A modéstia de Jacinto João Torres da Silva é ainda maior do que o nome. Se alguém lhe pergunta pelo seu mister, não hesita na resposta, mas fala como se encolhesse os ombros de tão óbvia. E, sobretudo, como se esse mister fosse de tal maneira fácil que até estranha o interesse. Percebe-se porquê: são quase 50 anos a encadernar e a recuperar livros e revistas, nos poucos metros quadrados do ateliê que se esconde no número 7A da Rua 4 de Infantaria, em Campo de Ourique.
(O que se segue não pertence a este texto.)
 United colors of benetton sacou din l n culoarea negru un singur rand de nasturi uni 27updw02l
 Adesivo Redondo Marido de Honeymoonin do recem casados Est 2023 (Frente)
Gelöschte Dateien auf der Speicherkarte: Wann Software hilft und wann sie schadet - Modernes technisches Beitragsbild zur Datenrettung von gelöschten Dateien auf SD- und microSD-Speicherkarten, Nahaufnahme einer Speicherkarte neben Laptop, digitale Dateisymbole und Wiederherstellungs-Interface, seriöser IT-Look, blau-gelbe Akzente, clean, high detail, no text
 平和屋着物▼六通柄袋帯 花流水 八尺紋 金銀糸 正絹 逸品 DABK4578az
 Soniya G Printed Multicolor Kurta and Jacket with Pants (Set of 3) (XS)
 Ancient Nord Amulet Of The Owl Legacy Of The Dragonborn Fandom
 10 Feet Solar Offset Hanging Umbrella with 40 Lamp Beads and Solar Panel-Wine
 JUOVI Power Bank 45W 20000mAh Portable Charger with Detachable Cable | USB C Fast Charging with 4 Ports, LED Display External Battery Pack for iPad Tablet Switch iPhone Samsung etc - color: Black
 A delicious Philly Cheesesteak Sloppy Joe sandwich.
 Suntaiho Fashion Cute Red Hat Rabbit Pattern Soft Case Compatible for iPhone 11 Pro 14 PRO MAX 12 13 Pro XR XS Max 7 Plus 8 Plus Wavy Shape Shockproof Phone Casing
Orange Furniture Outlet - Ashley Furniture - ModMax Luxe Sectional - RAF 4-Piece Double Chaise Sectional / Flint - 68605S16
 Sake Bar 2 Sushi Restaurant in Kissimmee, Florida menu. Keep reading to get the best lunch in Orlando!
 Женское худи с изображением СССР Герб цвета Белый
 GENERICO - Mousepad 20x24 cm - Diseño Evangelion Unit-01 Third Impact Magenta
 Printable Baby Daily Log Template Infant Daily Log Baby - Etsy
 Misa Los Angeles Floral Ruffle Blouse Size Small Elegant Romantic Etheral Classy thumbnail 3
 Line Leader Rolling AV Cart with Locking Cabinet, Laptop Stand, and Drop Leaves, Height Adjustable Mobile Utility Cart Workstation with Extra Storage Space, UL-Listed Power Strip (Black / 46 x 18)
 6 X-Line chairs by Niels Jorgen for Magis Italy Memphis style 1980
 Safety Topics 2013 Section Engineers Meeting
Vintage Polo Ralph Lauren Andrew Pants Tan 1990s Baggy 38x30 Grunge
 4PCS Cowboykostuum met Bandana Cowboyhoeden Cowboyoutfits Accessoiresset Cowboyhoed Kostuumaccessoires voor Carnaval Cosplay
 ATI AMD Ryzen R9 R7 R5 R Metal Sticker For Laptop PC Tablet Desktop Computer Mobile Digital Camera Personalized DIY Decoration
Jacinto João já trazia algum saber adquirido nas oficinas da Casa Pia quando foi trabalhar de aprendiz com o encadernador Oliveira Duarte. O velho senhor gabou-lhe o jeito e prometeu-lhe muito labor, natural num tempo em que o Diário da República saía em papel e os advogados precisavam dele encadernado. O miúdo tinha 16 anos acabados de fazer e força para alombar com os volumes mais pesados, era na mouche. E, num instante, sabia trabalhar a pele, gravar títulos na perfeição e distinguir a lombada meia-francesa (com nervuras) da meia-inglesa (lisa).
O dicionário com mais de cem anos que a minha mãe lhe levou para encadernar não teve direito a grandes mariquices, mas ficou como novo. Só por fora, claro. Por dentro, lá estão todas as palavras caídas em desuso que tanto gozo nos dá ler em voz alta.